Respondeo: As the Compendium of the Social Doctrine of the Church explains, “The Magisterium recognizes the importance of national sovereignty, understood above all as an expression of the freedom that must govern relations between States” (no. 435, emphasis in original). However, the same paragraph goes on to insist that “national sovereignty is not, however, absolute. Nations can freely renounce the exercise of some of their rights in view of a common goal, in the awareness that they form a ‘family of nations’ where mutual trust, support and respect must prevail” (emphasis in original). When this is viewed alongside the Catholic Social Teaching principle of subsidiarity, which maintains that the common good must be protected with the lowest possible but highest necessary level of sociopolitical coordination (Compendium, nos. 185-186), the failure of national policies to mitigate climate change makes international coordination necessary.

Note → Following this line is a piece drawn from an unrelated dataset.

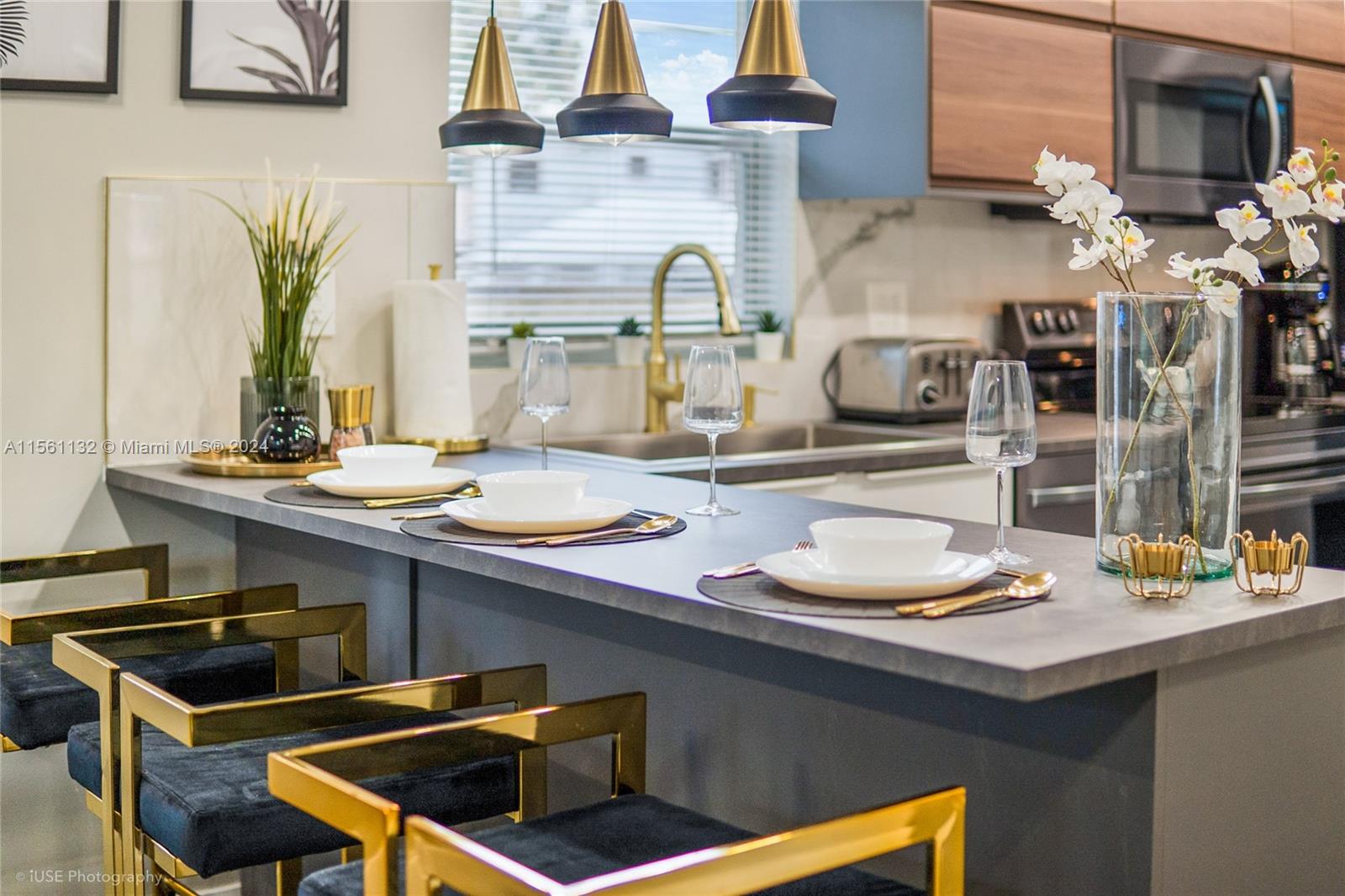 951 NW 46th St -, Miami, Florida 33127, 5 Bedrooms Bedrooms, ,3 BathroomsBathrooms,Residentiallease,For Rent,951 NW 46th St -,A11561132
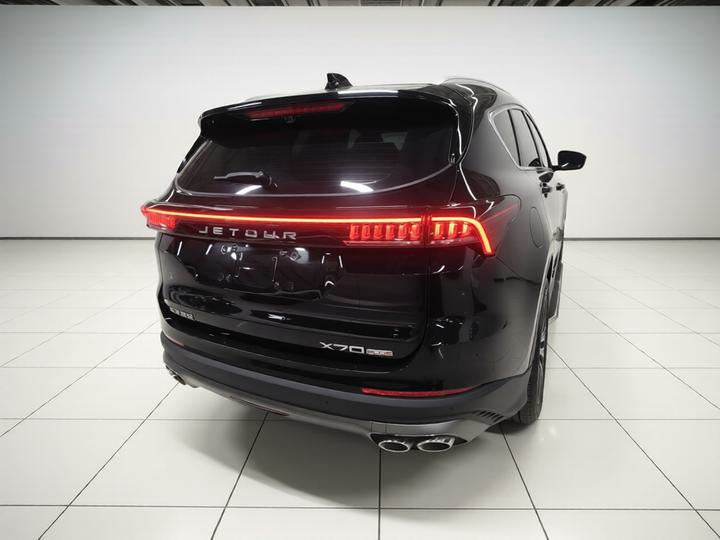 X70 PLUS 2024 1.6T DCT 7-Seater photo 3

Objection 6: “Pope Francis’ criticism of neoliberal laissez-faire capitalism is a radical break from Church teaching on the subject.”
Respondeo: In critiquing free-market, neoliberal capitalism, Francis stands on the shoulders of Pope Emeritus Benedict XVI (2010 World Day of Peace Message, no. 7; Caritas in Veritate, nos. 35-36), St. John Paul II (Centesiums Annus, no. 42), and Pope Paul VI (Populorem Progressio, no. 26), who have all insisted that neoliberal laissez-faire capitalism is inconsistent with Catholic Social Teaching.
Objection 6: “Pope Francis’ critique of capitalism and structural injustice makes him a Marxist.”
Respondeo: Pope Francis has explicitly denounced this objection (which was given after the publication of Evangelii Gaudium): “There is nothing in the Exhortation that cannot be found in the social Doctrine of the Church. I wasn’t speaking from a technical point of view, what I was trying to do was to give a picture of what is going on. The only specific quote I used was the one regarding the ‘trickle-down theories’ which assume that economic growth, encouraged by a free market, will inevitably succeed in bringing about greater justice and social inclusiveness in the world. The promise was that when the glass was full, it would overflow, benefiting the poor. But what happens instead, is that when the glass is full, it magically gets bigger nothing ever comes out for the poor. This was the only reference to a specific theory. I was not, I repeat, speaking from a technical point of view but according to the Church’s social doctrine. This does not mean being a Marxist.”
Objection 7: “Catholics cannot address climate change because doing so means supporting population control and compromising our commitment to protecting human life and dignity.”
Respondeo: The USCCB-endorsed Catholic Climate Covenant has published a page which demonstrates that attention to climate change is not antithetical to Catholic magisterial teaching on human life and dignity. In light of the World Health Organization statistic that climate change currently causes 150,000 annual deaths, many Catholics additionally argue that the mitigation of climate change in fact protects and promotes the Church’s commitment to human life and dignity.
Despite these responses to likely objections, I’m sure that there will inevitably be a contingent of Catholics who remain fundamentally opposed to Francis’ encyclical based on commitments to ideologies that collide with Catholic Social Teaching. Nevertheless, it seems prudent to anticipate the critiques that this group will likely level against the pope in order to make sure that a vocal minority does not take away from the encyclical that will likely be a groundbreaking moment for the Church—and hopefully the world.